Roslyn performance (Matt Gertz)

Roslyn performance (Matt Gertz)

Rate This
  • Comments 20

(For the next few posts, I’m going to introduce readers to the different feature teams in the Managed Languages org.  Today, I’m starting this with a focus on the performance team.)

Back in 2000, I found myself assigned to be the performance lead of the Visual Basic team, and my first assigned goal was to drive the performance marks of the (then) forthcoming Visual Basic .NET to be in line with the numbers for Visual Basic 6.0.  The primary focus was on the VB runtime APIs at first.  That was a relatively simple task; APIs are nicely discrete bits of code, easy to measure and easy to evaluate and so, within a couple of months, I’d worked with the team to get the APIs at parity (or better).   “Ah,” said I, “this performance work is so simple that I wonder why everyone is challenged by it.  I must have a special gift for performance or something!”

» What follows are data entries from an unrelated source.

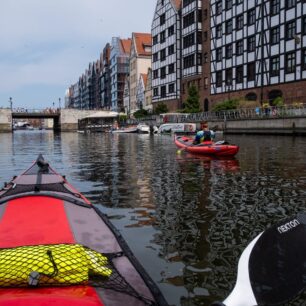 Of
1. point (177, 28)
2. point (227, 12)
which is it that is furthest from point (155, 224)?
point (177, 28)

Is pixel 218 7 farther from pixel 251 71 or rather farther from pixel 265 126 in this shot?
pixel 265 126

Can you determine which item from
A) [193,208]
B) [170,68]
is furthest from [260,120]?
[193,208]

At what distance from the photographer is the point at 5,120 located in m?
80.9

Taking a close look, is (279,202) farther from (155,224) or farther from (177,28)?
(177,28)

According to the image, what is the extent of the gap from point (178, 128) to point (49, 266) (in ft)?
136

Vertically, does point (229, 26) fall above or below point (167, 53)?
above

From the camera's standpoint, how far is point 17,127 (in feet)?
469

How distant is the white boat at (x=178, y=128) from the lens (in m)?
42.5

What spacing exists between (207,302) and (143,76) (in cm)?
7807

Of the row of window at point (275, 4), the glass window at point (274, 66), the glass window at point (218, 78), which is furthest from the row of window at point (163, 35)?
the glass window at point (274, 66)

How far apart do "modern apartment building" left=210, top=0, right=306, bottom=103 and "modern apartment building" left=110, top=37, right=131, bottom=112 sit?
5680cm

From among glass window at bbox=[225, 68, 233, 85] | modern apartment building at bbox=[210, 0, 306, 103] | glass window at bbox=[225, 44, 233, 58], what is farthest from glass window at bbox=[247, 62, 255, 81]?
glass window at bbox=[225, 44, 233, 58]

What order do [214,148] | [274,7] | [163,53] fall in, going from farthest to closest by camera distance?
[163,53], [274,7], [214,148]

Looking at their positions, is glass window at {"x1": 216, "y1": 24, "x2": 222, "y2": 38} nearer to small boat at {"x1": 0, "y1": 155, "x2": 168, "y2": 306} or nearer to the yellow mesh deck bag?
small boat at {"x1": 0, "y1": 155, "x2": 168, "y2": 306} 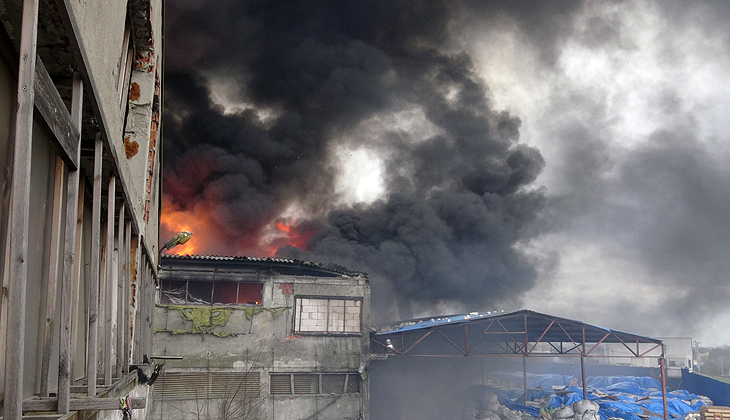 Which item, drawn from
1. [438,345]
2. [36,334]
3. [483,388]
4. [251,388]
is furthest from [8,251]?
[483,388]

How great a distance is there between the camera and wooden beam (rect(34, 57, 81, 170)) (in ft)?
5.65

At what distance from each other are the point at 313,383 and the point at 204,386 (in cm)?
352

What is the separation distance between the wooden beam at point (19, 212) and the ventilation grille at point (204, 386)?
16.5 meters

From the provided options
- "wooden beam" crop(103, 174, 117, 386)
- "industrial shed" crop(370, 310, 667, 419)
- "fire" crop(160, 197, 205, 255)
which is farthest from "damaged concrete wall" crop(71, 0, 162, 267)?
"fire" crop(160, 197, 205, 255)

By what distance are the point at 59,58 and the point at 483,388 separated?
25.1 m

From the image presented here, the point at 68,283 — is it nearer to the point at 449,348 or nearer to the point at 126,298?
the point at 126,298

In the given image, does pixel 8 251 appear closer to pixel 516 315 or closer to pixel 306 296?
pixel 306 296

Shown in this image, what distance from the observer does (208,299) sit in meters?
18.3

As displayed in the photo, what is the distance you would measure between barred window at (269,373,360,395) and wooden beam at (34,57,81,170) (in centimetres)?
1644

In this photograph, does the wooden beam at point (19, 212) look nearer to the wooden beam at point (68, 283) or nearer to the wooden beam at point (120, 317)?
the wooden beam at point (68, 283)

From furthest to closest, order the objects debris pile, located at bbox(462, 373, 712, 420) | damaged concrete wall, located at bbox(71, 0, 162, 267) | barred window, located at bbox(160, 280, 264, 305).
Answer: debris pile, located at bbox(462, 373, 712, 420), barred window, located at bbox(160, 280, 264, 305), damaged concrete wall, located at bbox(71, 0, 162, 267)

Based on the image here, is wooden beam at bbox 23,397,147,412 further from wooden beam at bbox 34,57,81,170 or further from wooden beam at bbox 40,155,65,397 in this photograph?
wooden beam at bbox 34,57,81,170

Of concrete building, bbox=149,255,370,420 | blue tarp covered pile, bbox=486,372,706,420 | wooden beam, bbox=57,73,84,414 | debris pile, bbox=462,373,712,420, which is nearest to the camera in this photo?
wooden beam, bbox=57,73,84,414

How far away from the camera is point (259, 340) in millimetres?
17750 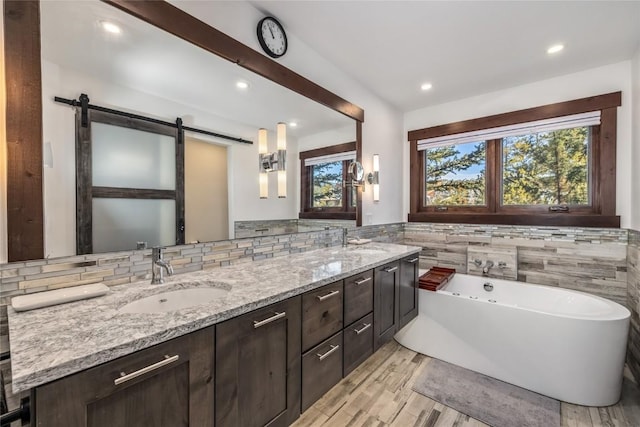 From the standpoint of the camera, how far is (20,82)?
1.02m

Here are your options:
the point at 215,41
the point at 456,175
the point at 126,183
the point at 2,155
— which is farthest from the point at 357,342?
the point at 456,175

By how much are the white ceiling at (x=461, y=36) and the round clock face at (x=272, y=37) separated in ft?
0.21

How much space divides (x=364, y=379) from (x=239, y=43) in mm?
2574

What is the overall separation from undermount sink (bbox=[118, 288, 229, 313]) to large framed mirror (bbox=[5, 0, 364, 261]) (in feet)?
1.03

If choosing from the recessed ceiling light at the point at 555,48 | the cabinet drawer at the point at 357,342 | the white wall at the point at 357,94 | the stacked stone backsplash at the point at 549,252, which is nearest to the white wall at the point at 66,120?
the white wall at the point at 357,94

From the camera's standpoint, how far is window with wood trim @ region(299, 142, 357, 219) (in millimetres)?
2346

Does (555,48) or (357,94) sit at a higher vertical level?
(555,48)

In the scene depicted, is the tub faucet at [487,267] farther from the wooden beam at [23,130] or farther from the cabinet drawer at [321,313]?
the wooden beam at [23,130]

This peculiar form of self-delusion lasted about a week, until the next challenge arose, which involved improving the shutdown speed of Visual Basic .NET itself, which was taking over a minute for large solutions.  That functionality was not in code that was nicely constrained like APIs, and so it took me a long time (probably longer than it should have, in retrospect) to realize that the process was blocking on background compilation even when shutting down, instead of just abandoning the compilation altogether.  And, having fixed that, I then moved on to tuning F5 build times, which involved several threads all needing to get their tasks done quickly and yet in a semi-serial fashion.  None of them were operating incorrectly with respect to themselves; it was the combination of them that were causing slowdowns.  That took days and days of investigation (and a lot of collaboration among several teams) to lock down.  In that investigation, I encountered the blunt truths about performance:  there is no perfect solution to a general performance problem, and also that you are never truly done tuning your product, because other dependent code can and will change around you. 

Which brings us to 2014…

Now, in the intervening 14 years, the tools to evaluate performance have of course become more powerful, and we can find and address issues far faster than in days of yore, when code inspection & stopwatch timing was roughly 75% of the job.  At the same time, however, the applications themselves have become so complex (either internally or with respect to the environment in which they run) that solving problems after the fact still creates a big challenge.  In fact, it’s become even more imperative to design for performance up front, because there are more ways than ever to get whammied.  During my recent stint in XBOX, for example, my team over there worked hard to generate performant code for the back end of SmartGlass, only to discover near the end that we hadn’t accounted for the inherent latency of using SSL between us and the data store – it was not a code issue per se, but a limitation of the environment that we hadn’t properly designed for.  (Fortunately, our design was modular enough that we were able to put in some caching at relatively low cost to the project and still meet our performance goals on schedule!)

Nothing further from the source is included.